А вот как он объяснял главную причину своей поддержки Германии: «Нас, норвежцев, увлекала идея о том, что Норвегия должна занять высокое, выдающееся место в мировом великогерманском сообществе. Идея, ростки которой тогда появились и в которую поверили. Кто в большей, кто в меньшей степени, но поверили все» [4: 189][502].
Но никто из находящихся в этой комнате слушателей его предварительной речи на суде не верил в нацистскую идею Великой Германии или в то, что Норвегия могла бы занимать там какое-то место. Туве Филсет Тау была замужем за Максом Тау. Она активно боролась против нацизма в Польше, Чехословакии, Норвегии и Швеции. Ее муж потерял почти всех своих родственников и друзей — евреев в результате холокоста, изуверски спланированного и осуществлявшегося с промышленным размахом страшного механизма истребления этого народа. Сигрид Стрей боролась против оккупационных властей в Норвегии и была арестована. Возможно, присутствующие надеялись, что Гамсун отринет свою веру в нацизм, выразит сожаление? Может быть, скажет о том, что после визита к Гитлеру его начали посещать сомнения? Ничего подобного. Вместо этого он начал создавать некий образ высокопоставленного двойного агента: «Честному и непредубежденному человеку ясно, что примерно в таком же тоне мне приходилось писать об оккупационных властях. Не мог же я действовать так, чтобы навлечь на себя подозрения, но вот величайший парадокс! Подозрения все-таки на меня пали. Довольно высокие немецкие инстанции дважды (если мне не изменяет память) напоминали мне, что от меня, в отличие от некоторых названных поименно шведских граждан, ждут гораздо больше. И при этом указывали, что нейтральной страной является Швеция, а не Норвегия. Я их во многом не устраивал. От меня ожидали больше, чем получили» [4:189].
Он жаловался, что никто не указал ему на то, что он пишет неправильные вещи, никто, ни единый человек во всей стране. «Я жил в одиночестве в своей комнате, предоставленный исключительно самому себе».
Неужели, выступая перед ними, он лгал? Разве он не получал анонимных писем, полных ненависти и презрения, разве друзья, знакомые, соседи и другие люди не пытались выразить ему несогласие с его взглядами?

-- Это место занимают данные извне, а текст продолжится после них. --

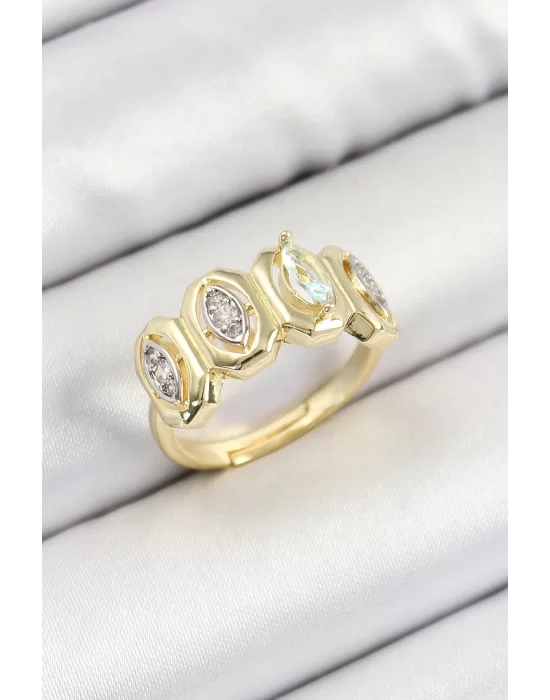 Pirinç Zirkon Taşlı Damla Model Gold Renk Kadın Yüzük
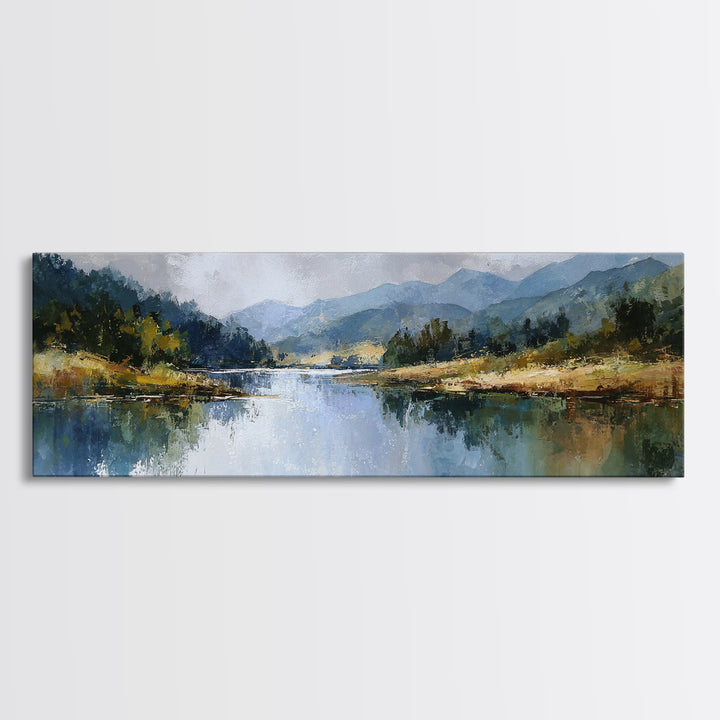 Mountain Lake with Sparkling Reflections Canvas Print, Impressionist Art, Wall Art, Living Room Decor, Fine Art, Impression, IMP-3x1-88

И вот теперь он отчасти отвечал на эти вопросы: «Я ничего не слышал, я был так глух, что со мной никто не хотел иметь дела. Стуком в дымоход снизу мне подавали знак спуститься. Я спускался, принимал пищу и снова отправлялся к себе наверх. Так продолжалось месяцы, годы, все эти годы. И никто мне не подал знака» [4: 190].
Присутствующих поразили его слова. Годами изолированный в своей комнате? А разве не публиковались в различных газетах его фотографии — то путешествующего на пароходе, то в автомобиле, то у трапа самолета внутри страны или за ее пределами, даже осматривающего немецкую подводную лодку? И везде он живой, энергичный и резкий в своих высказываниях?